It was a memorable day for some people in Southeast Idaho. 19 people became American citizens Wednesday at the Federal Courthouse in Pocatello.
“No matter what country you came from, America now calls you her own,” said Judge David Nye, District Court of Idaho,
Wednesday marked the beginning of 19 peoples lives as American citizens. Applicants from Mexico, East Africa, South Korea, and more were tested and educated on U.S. history, and what it’s like to be an American.
“You go through a lot of interviews with immigration and it’s something to be proud of,” Karla Silva, a new U.S. citizen.
“I am no more a citizen of the United States than you are,” Nye said.
The journey to get here took some time.
“Just waiting for five years, it isn’t easy,” Murbarek Teiab, a new American Citizen. “I know there are people here who have been here longer than five, and they didn’t get it yet.”

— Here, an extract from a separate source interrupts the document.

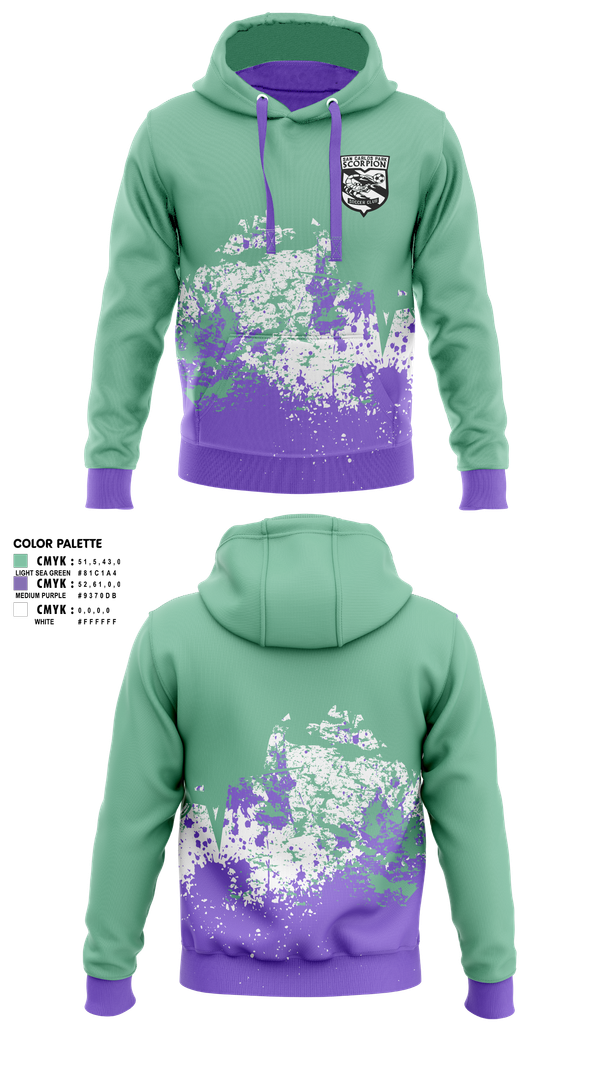 Hoodie, San Carlos Park Scorpion SC, Women's Soccer, Teamtime, Team time, sublimation, custom sports apparel, team uniforms, spirit wear, spiritwear, sports uniforms, custom shirts, team store, custom team store, fundraiser sports, apparel fundraiser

All those new citizens have their own reasons for being sworn in.
“You are a citizen you can go where ever you want, and able to go freely,” Teiab said. “You can travel wherever you want to travel.”
“For my family,” said Eba Velazquez, a U.S citizen. “We are together.”
They also had advice to have for other’s hoping to become citizens.
“I say the other people you can do it,” Velazquez said. Try [to] because maybe someday you can do it. Because I did.
Each year around 700,000 to 750,000 become naturalized U.S citizens, according to the U.S. Citizenship and Immigration Services.